A coupla paragraphs from chapter 2

The German singer Dietrich Fischer-Dieskau, who represents the conventionality of the pheno-song, plays the straw man in Barthes's argument. The contrast between the two singers is also a contrast between two national cultures (French and German) with their two genres of vocal music (mélodie and Lied), and perhaps between two generations of singers: Panzéra was born in 1896 and “FD,” as Barthes calls him, in 1925. His use of a German singer as bête noire is significant, since he is making an argument specific to French language and culture rather than proposing a universal aesthetic principle.
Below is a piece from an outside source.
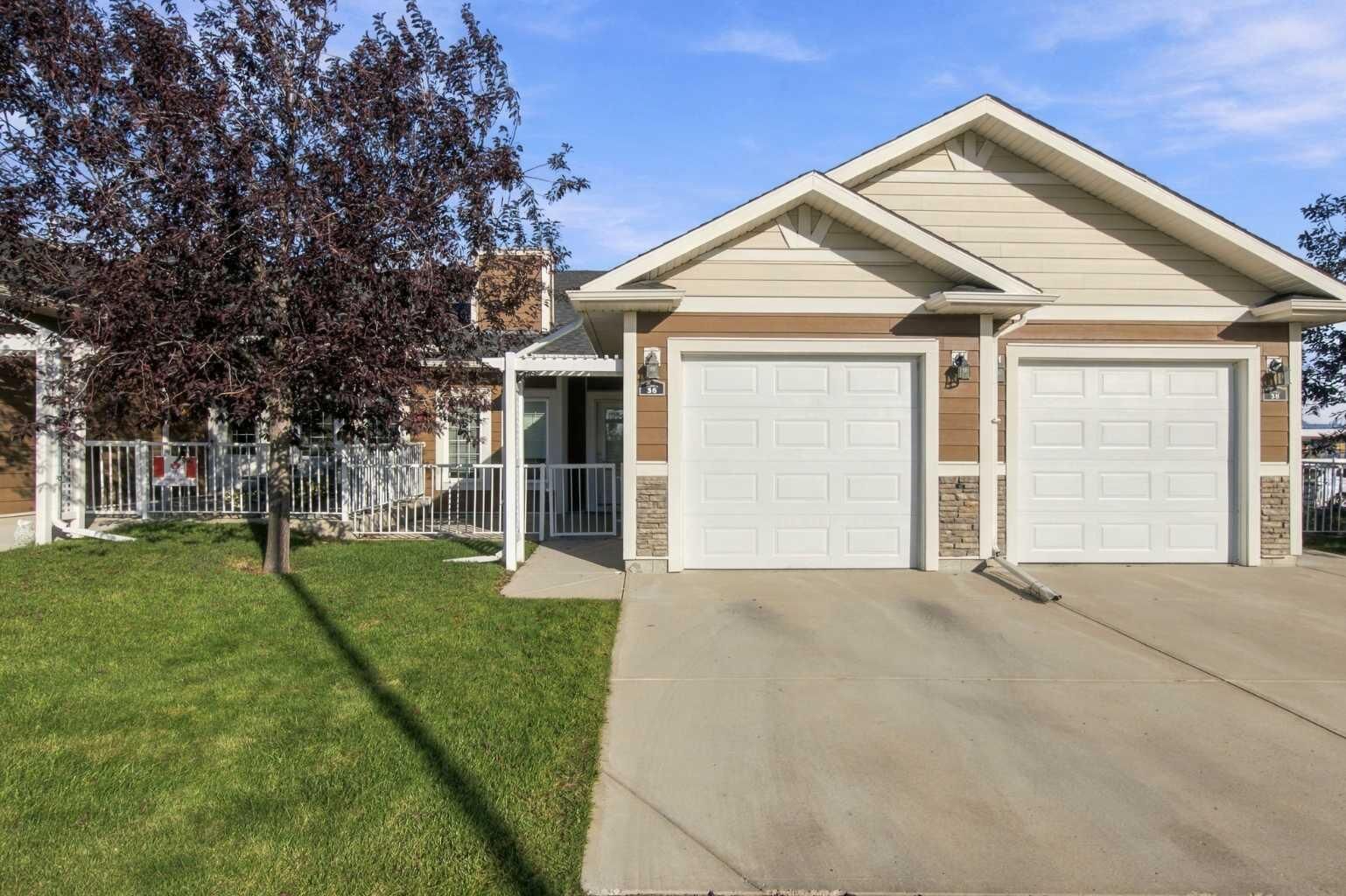 Property Photo:  36 Sunrise Place NE  AB T1V 0G9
Since Barthes is proposing an aesthetic criterion intimately connect to his own libidinal relation to the French language, the concept of the grain is untranslatable, untransferable to other cultural contexts. It also draws upon hoary romantic notions of national essences, creating a potent mixture of personal idiosyncracy and cultural exceptionalism similar to that of Lorca’s. Barthes’s personal response to Panzéra, however, also invites comparative and universalizing gestures. Translated into English, and read by many who have never heard a recording by the Swiss baritone, Barthes’s essay acquires other meanings untethered from his libininal response to this music.

“The Grain of the Voice” is one of the few essays that Barthes dedicated to lyric poetry, but it is “about” poetry only in a very specific sense: the genre of the mélodie, exemplified by composers like Debussy, Ravel, Duparc, and Fauré, consists primarily of settings of French romantic and symbolist poets like Hugo, Baudelaire, and Verlaine. The words whose phonology Barthes savored in Panzéra’s performances, then, were those of this canonical French lyric poetry. He had an intimate connection to this poetic tradition, experienced through a particular style of performance to which he felt a personal attachment.

Marjorie Perloff notes an oversight in Jonathan Culler’s explanation for Barthes’s habitual neglect of lyric poetry. Culler had argued that Barthes is suspicious of poetry because of its identification with “plenitude” (Perloff, Poetic License 17). Perloff suggests that we look for the French theorist’s engagement with the “poetic” elsewhere: “not in the conventionally isolated lyric poem, so dear to the Romantics and Symbolists, but in texts not immediately recognized as poetry”(ibid. 18). This is a keen observation, but both Perloff and Culler are perhaps forgetting a peculiarly regressive or sentimental aspect of Barthes’s sensibility, one evidenced in his love of the mélodie and other late nineteenth- and early twentieth-century pleasures. This facet of Barthes’s work, of course, becomes increasingly strong in the final phase of his career.